Well it's good that you ended the post on a slightly positive note. You kind of clarified your own ideas and sentiments but I guess I'll go through them just to add my two cents.

You've had some bad experiences Dane. That much is clear. But it sounds like you realize that it's unfair to shove your past onto another person's shoulders. There are a lot of songs about this subject it seems. I'm not him... What about us... It's not fair... Trust me... I won't treat you like that... etc. I do know that it's hard though; not to let your past creep in and harm your current relationship. But everyone deserves a fair chance. I loved this part.. "Going thru all of this stuff you tend to change your outlook and grow from your experiences. One can only help but be shaped by the experiences of their life..." That is so true. I think it was Walt Emerson or David Thorough who said that experience is the best teacher. There's nothing that slaps you across the face like experience.

You mentioned that you might not be describing your mistrust correctly and I think you're right. It seems you're more so AWARE of the other side of the equation than you used to be when living around all woman. I can only imagine how shocked you were by the females who did you dirty after being raised in an environment where you always thought men were wrong. That shock obviously has created some very strong sentiments within you. I don't think it's mistrust that you have though. At least it shouldn't be. It's just a revelation; a hurtful one at that. Remember when Terrance Howard said that women are just as scandalous as men are in The Best Man? (That was during the scene where they were around the table playing cards.) You're coming (or you've come) to terms with that realization...

"That's the way women describe the same exact thing wtih men so why not...right?" I don't. While I don't put anything past a man, I won't say that I don't trust him. Did you see "I Think I Love My Wife"? That movie is a prime example of what we're talking about here. I wouldn't put it past Chris Rock to be attracted to another woman and to think about cheating, but that doesn't mean his wife has to lose trust.

And what kind of females are you messing with Dane!!!??? Are you sure you're picking the right ones?

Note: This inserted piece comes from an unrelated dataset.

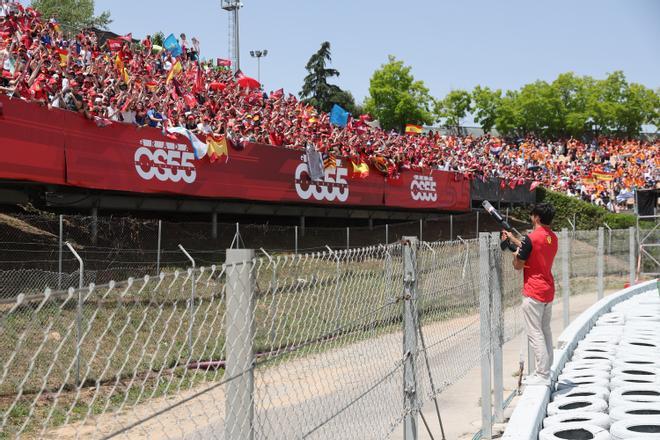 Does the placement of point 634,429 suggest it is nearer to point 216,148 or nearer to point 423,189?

You've taught me something though Dane. I didn't like hearing that you don't trust women. That kinda cut and I almost wanted to whine and say "that's not fair!!! what about the good ones!!?????" It's not cool to hear that, which is why you will never hear me say that I don't trust men again. I don't think I really believed that or said it anyway, but I feel you guys' pain now.

Sorry so long!

5:27 PM  
Blogger T.a.c.D said...

like i said before, its all about your experiences...we shouldn't be general with people, we shouldn't label folks...

i think we all have had our fair share of negatives and positives...and a lot of it has to do with what you stated, growing up and learning some things about yourself...

the thing i like though is that you haven't LOST the core of who YOU are...meaning your love and respect for women is still there...and it should be...

the reality is, there are good men and good women out there, just like there are bad men and bad women...its just a matter of taking your time...good girls seem to be finishing last these days too, but you know what, we are still going to finish best...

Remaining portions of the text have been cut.